The furthest the Rockets pick can fall is to fifth, but if it does they’ll swap the pick with the Oklahoma City Thunder and end up with the 18th pick instead as payment to swap Chris Paul for Russell Westbrook two years ago. The Rockets have a 52.1 percent chance of picking in the top four, which means the disaster scenario is a coin toss away.

There is a clear top four in this year’s draft, led by Cade Cunningham and Evan Mobley. Both are viewed as top-end prospects, as are Jalen Suggs and Jalen Green, so if the Lottery Gods smile upon the Rockets, they can credibly tell their fanbase they have their post-James Harden foundational piece to go with Christian Wood, Kevin Porter Jr, Jae’Sean Tate, K.J. Martin as well as John Wall and Eric Gordon.

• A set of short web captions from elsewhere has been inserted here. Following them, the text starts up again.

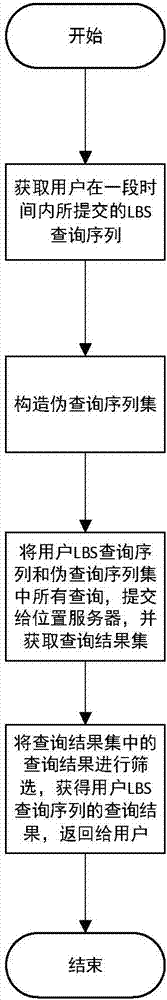 一種位置查詢服務(wù)信息保護方法及系統(tǒng)與流程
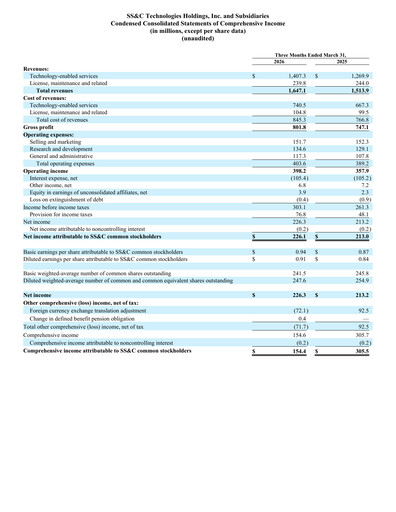 Miniature SS&C Technologies
 Rapport trimestriel 2026-q1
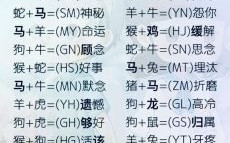 辱是什么生肖？辱打一个正确生肖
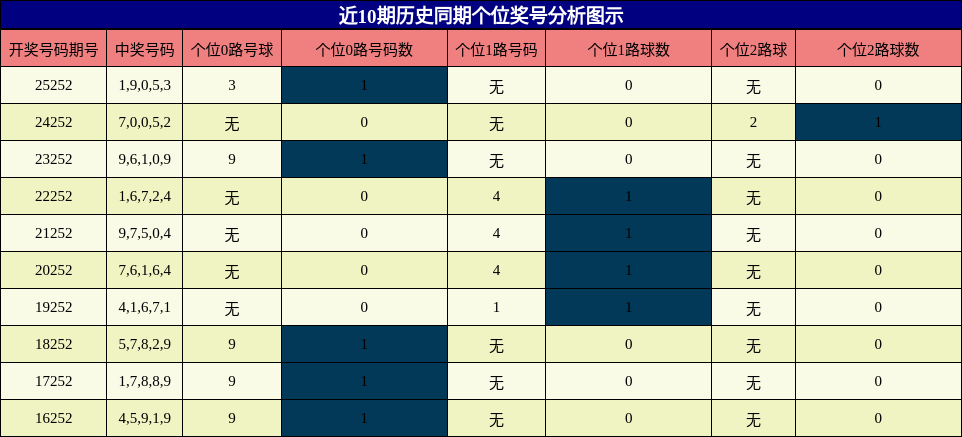 个位奖号分析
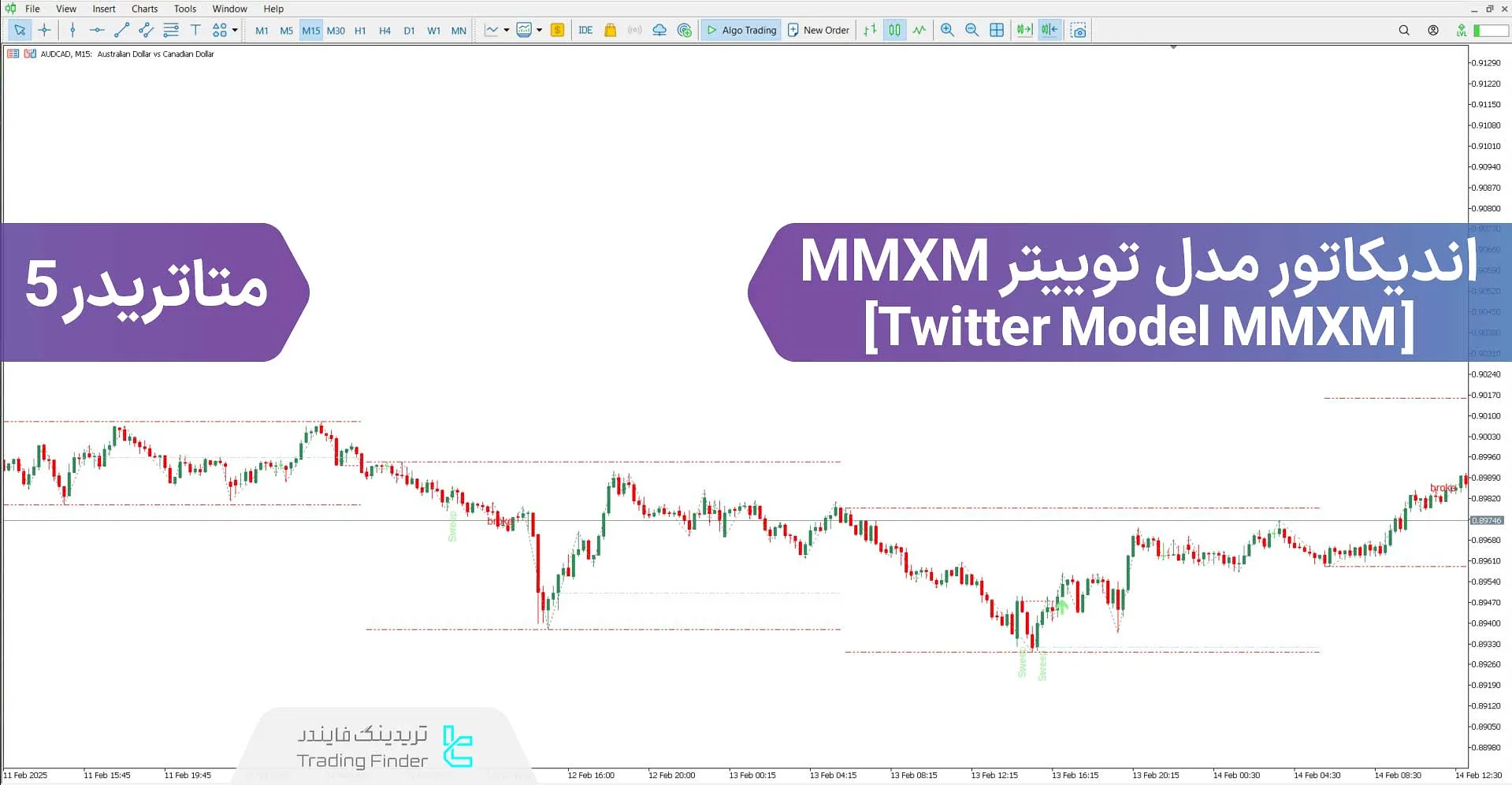 دانلود اندیکاتور مدل توییتر MMXM در سبک آی سی تی برای متاتریدر 5 - رایگان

That mix isn’t winning a championship in 2022, but if it stays on the floor, which is easier said than done, it can compete in the present with a chance to grow into something special down the road. However, if the lottery comes up snake eyes, the Rockets rebuild becomes prolonged.

If a top four pick in this draft is a future all-star, the 18th pick is a rotation player, maybe. Here are the last 10 players taken number 18 overall:

2020: Josh Green
2019: Goga Bitadze
2018: Lonnie Walker
2017: T.J. Leaf
2016: Henry Ellenson
2015: Sam Dekker
2014: Tyler Ennis
2013: Shane Larkin
2012: Terrence Jones
2011: Chris Singleton

Not exactly a stellar list.

June 22 is the day the Rockets won their first NBA title in 1994, and while Tuesday won’t carry the same importance that night did 27 years ago it will go a long way in deciding how soon the team can credibly say they are headed back in that direction.